Friday, September 2, 2011

Friday Science: Mosquitoes

Last night, the family was attacked by a swarm of mosquitoes.  I initially wrote "the family was attached...... which is actually the same word I think.  The dogs could not stop moving long enough to pee or quite literally speaking, hundreds of mosquitoes landed on them.  The human victims were not spared either.  I have rarely seen such a plague of insects.  I was in Kansas and viewed grasshoppers at a density of about twenty per square meter.  They tell me that during a real problem year there are over a hundred per square meter.  That is on the ground, not in the air.  Every step would send multitudes of three inch hoppers in a scurry and in your face and hair.  Pandemonium would break loose and as I ran maddeningly through the field, thousands and thousands of grasshoppers would take flight.  It was my first understanding of the cascade effect.  Within ten steps I could stir up ten thousand locusts.  There were no sea gulls in sight.

The mosquito population around our lake has been quite low for a long time.  A two year drought-like environment had reduced non-predator water to Nil.  A mosquito larvae had to survive in a very hungry and shrinking lake.  Now, with regular rains, puddles of water all over the place, and lots of long grass to hide from dragonflies, mosquito populations have exploded to billions of mosquitoes.  I estimated that if I stood still, five hundred mosquitoes would land on me and the same was happening to every mammal in the place.  I also have Australian Pine trees on my property.  I am not sure that is the real name but that is what we call them.  They are mosquito magnets and know for being so.  I do not have non-predator standing water, just a few small ponds.
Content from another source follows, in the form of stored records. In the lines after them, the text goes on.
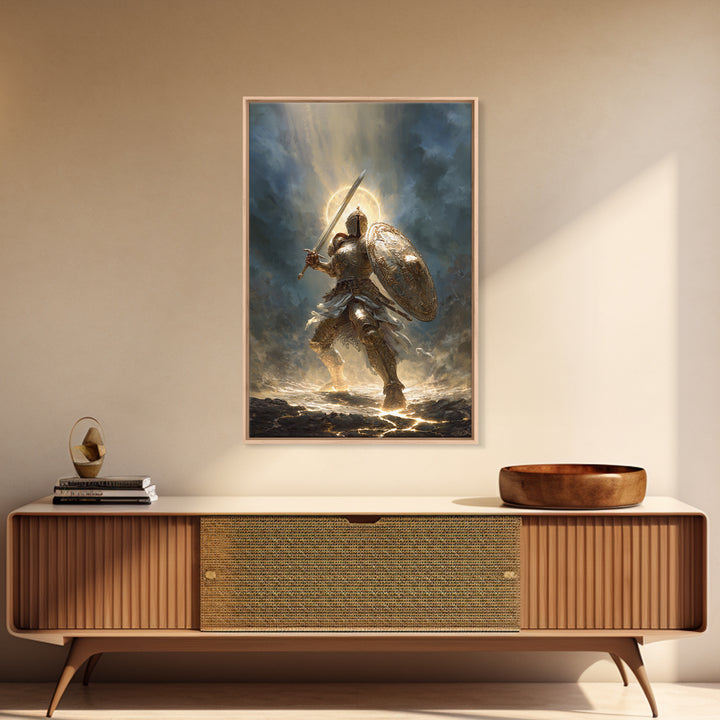 Heroic Knight In Golden Armor Digital Painting Canvas Print Wall Art For Medieval Decor And Fantasy Room Accent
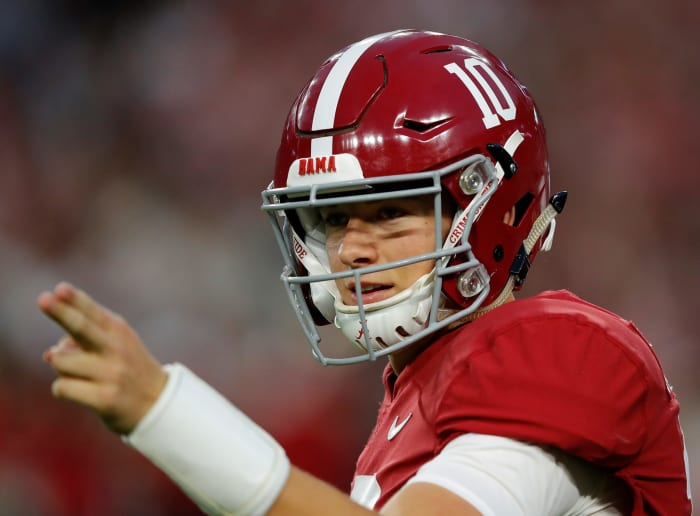Alabama quarterback Mac Jones against Arkansas.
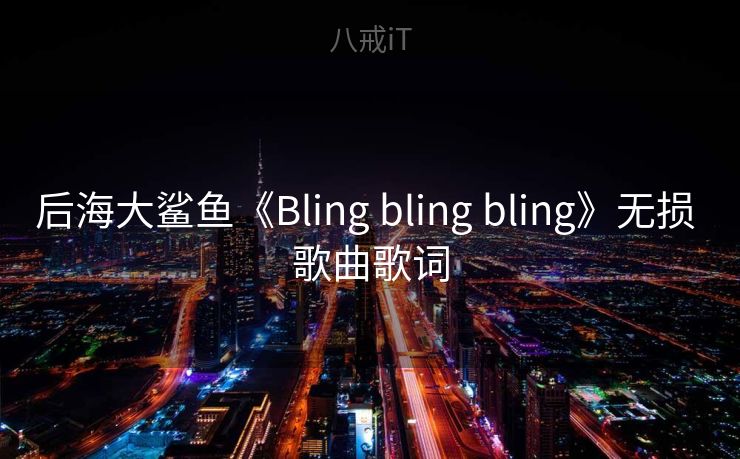 后海大鲨鱼《Bling bling bling》无损 歌曲歌词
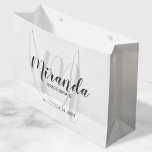 Modern Script Personalized Bridesmaids Large Gift Bag<br><div class="desc">Personalized Bridesmaids Gift Bag featuring personalized bridesmaid's name in grey modern script font style and monogram in light grey modern script font style as background with title and wedding date in grey modern sans serif font style. Also perfect for groomsman, best man, ring bearer, father of the bride, maid of...</div>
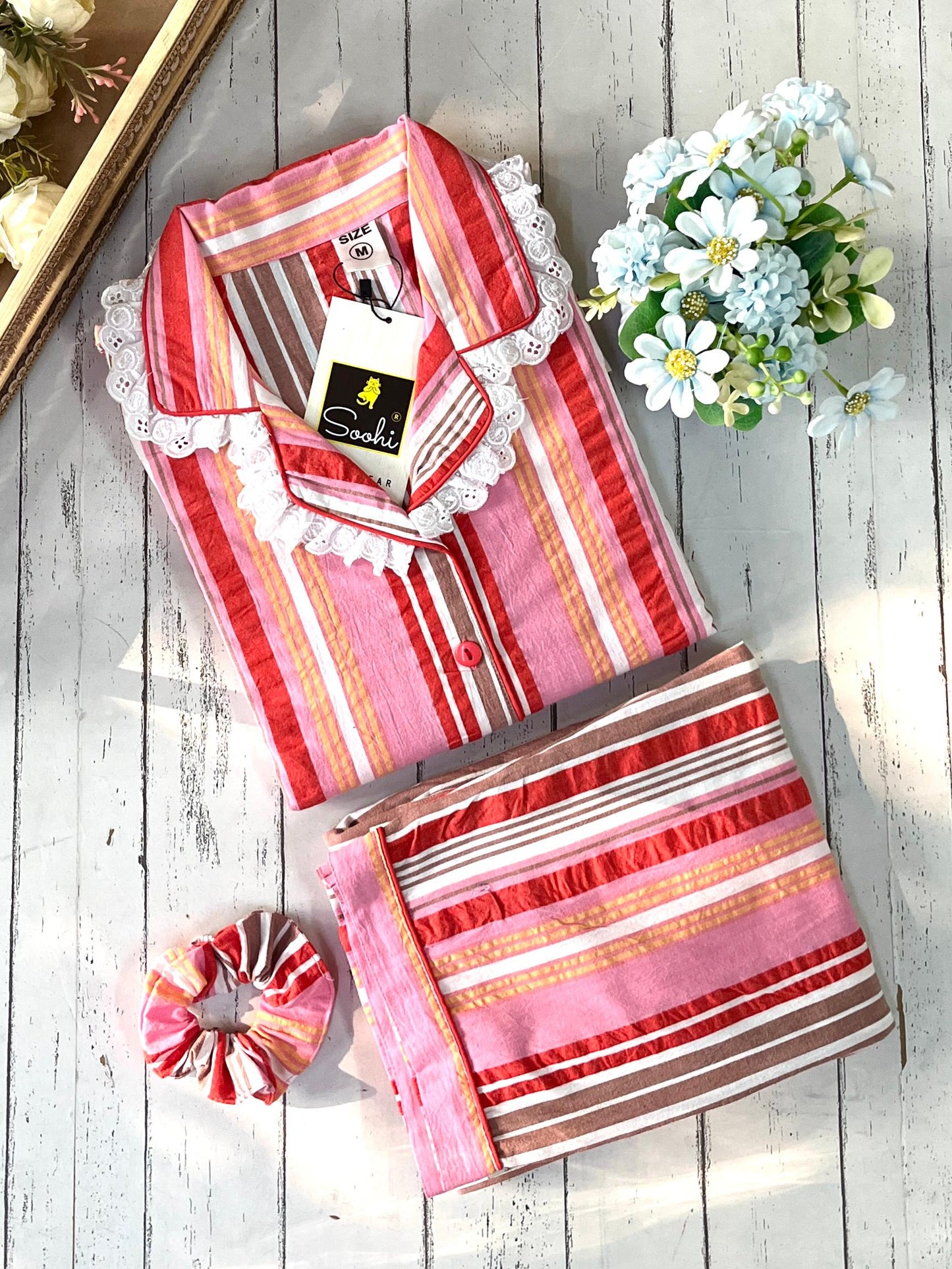Red Striped Checks Pj Set (Women)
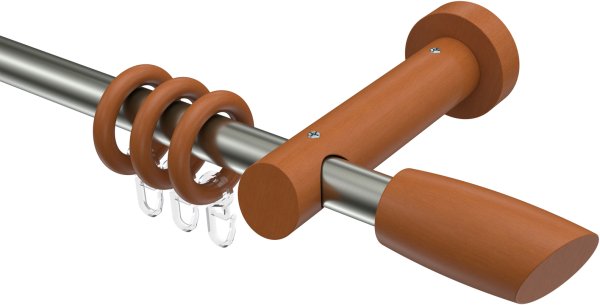 Gardinenstange Metall / Holz 20 mm Ø TALENA - Etta Edelstahl-Optik / Kirschbaum lackiert 100 cm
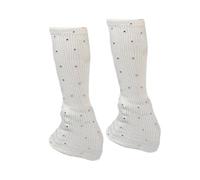 getuse Chaussettes de patinage artistique avec chaufferettes pour entraînement et yoga - 1 paire de jambières décorées de strass pour patinage, ballet, danse - blanc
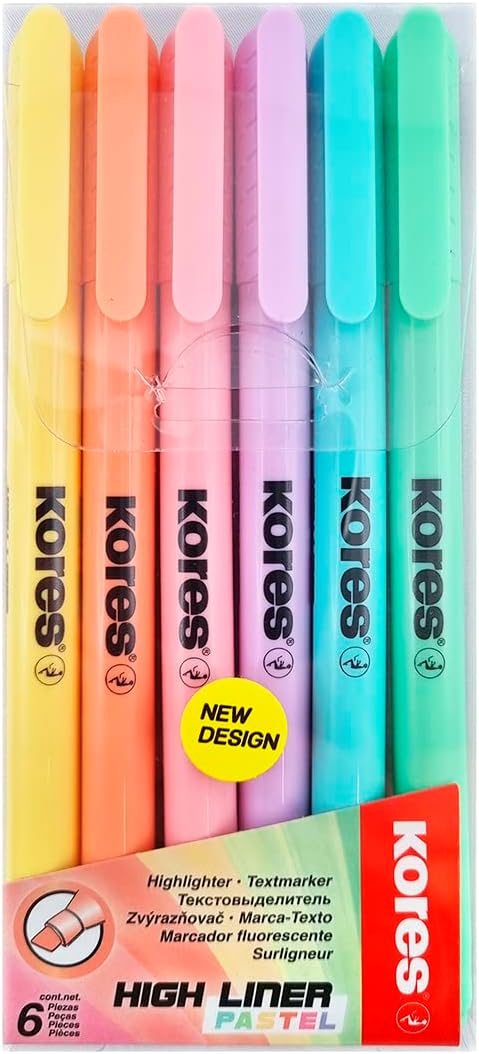 Kores - Highlighter Pens - High Liner Pastel, Water Based-Ink Highlighter Pens with Ergonomic Shape - Office and Stationery Supplies, Revision Supplies - Set of 6 Assorted Colours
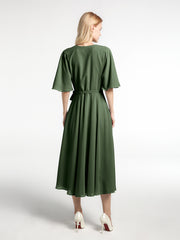V-neck Half Sleeves T-Length Chiffon Dress Olive Green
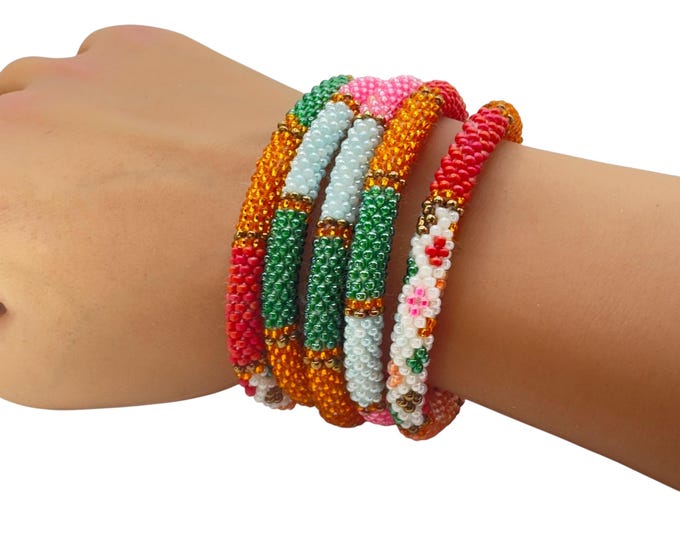 Colorblock | Nepal Glass Bead Bracelet| Beadwork Handmade Bracelet | One Bracelet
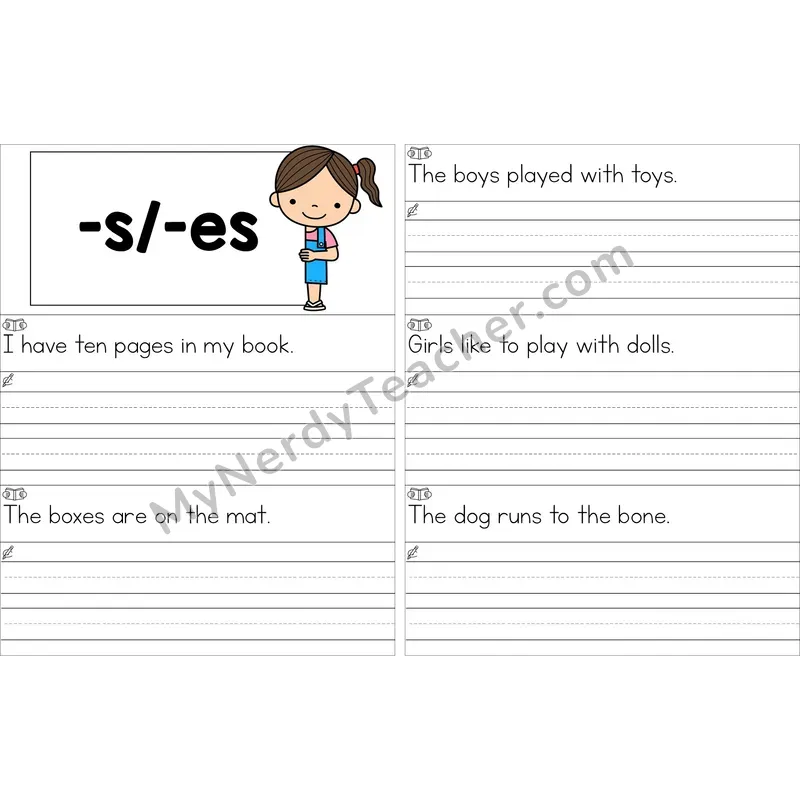 Editable Suffixes -s, -es Read and Write Sentences (Color)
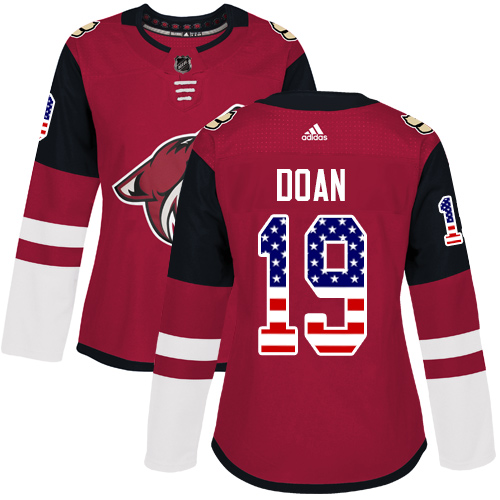 Adidas Coyotes #19 Shane Doan Maroon Home Authentic USA Flag Women's Stitched NHL Jersey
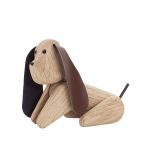 Kleiner Hund MY DOG aus Holz und Leder von Andersen Furniture - Größe S (7,5 x 9,4 x 4,5 cm)  Kleiner Hund aus Holz in Eiche - MY DOG von Andersen Furniture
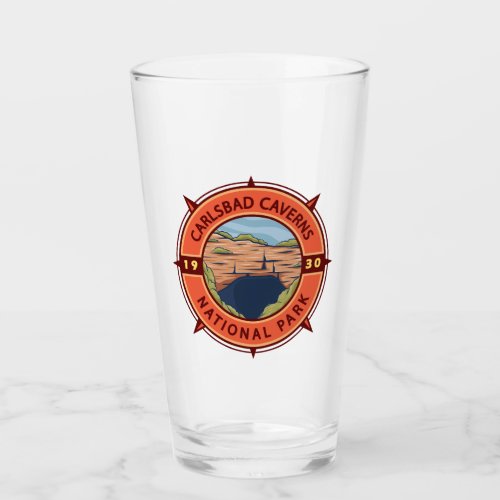 Carlsbad Caverns National Park Retro Compass Glass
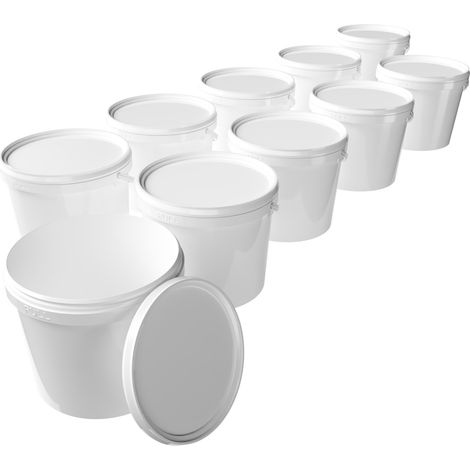 10x Eimer mit Deckel 5l Weiß Rund Kunststoff Eimer Lebensmittelecht, luftdicht und stabil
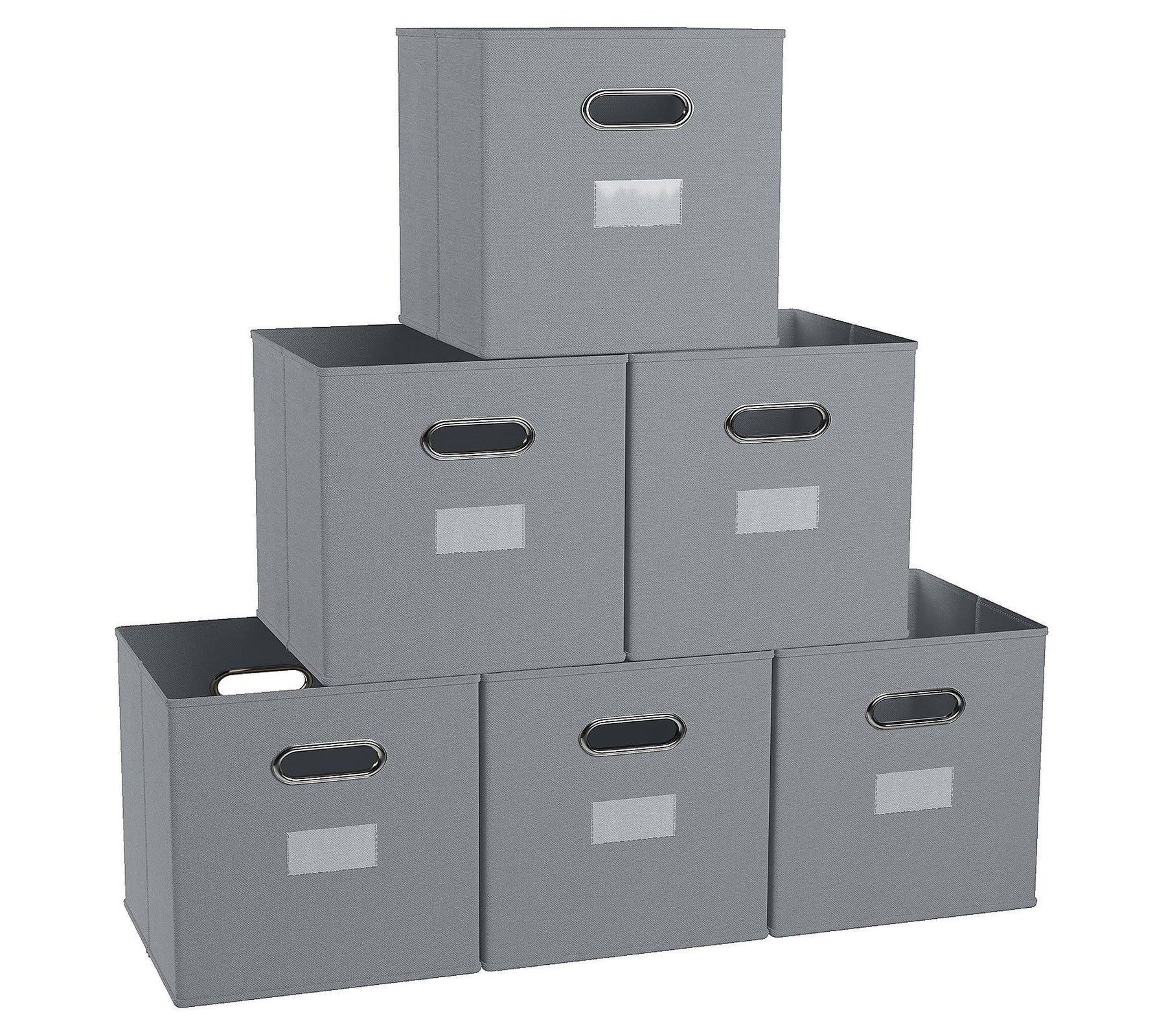 Ornavo Home Foldable Storage Bins Basket Cube Organizer with Dual Handles and Window Pocket - 6 Pack - Gray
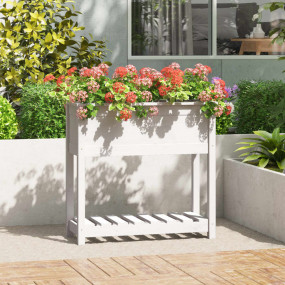 Planter White Solid pine wood 31.9 in height, 32.5 in w...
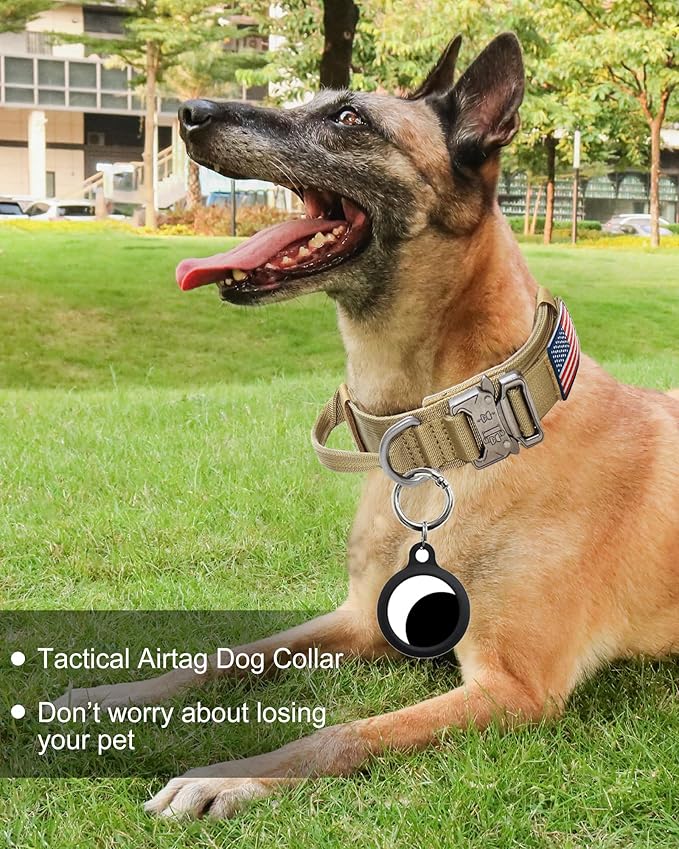 Hotsky Tactical Dog Collar, Adjustable Military Training Nylon Airtag Collar with Handle and Heavy Duty Metal Buckle for Medium Large Dogs, with Airtag Holder and Two Patches （Brown,XL）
A drop of dew on the leaves of grass can be home to a few larvae with no predatory enemy. Dry is the enemy of the mosquito.  Fifteen acres of grass filled mosquitoes is as the Xerxes army was to the 300 Spartans. 

Tomorrow we will mow down the grass around the house, spray malathion in the barn and hopefully complain a little less.  The dragon flies will enjoy a bounty, the martins will rule the skies and the anopheles with its Plasmodium falciparum symbiote will wait for another day.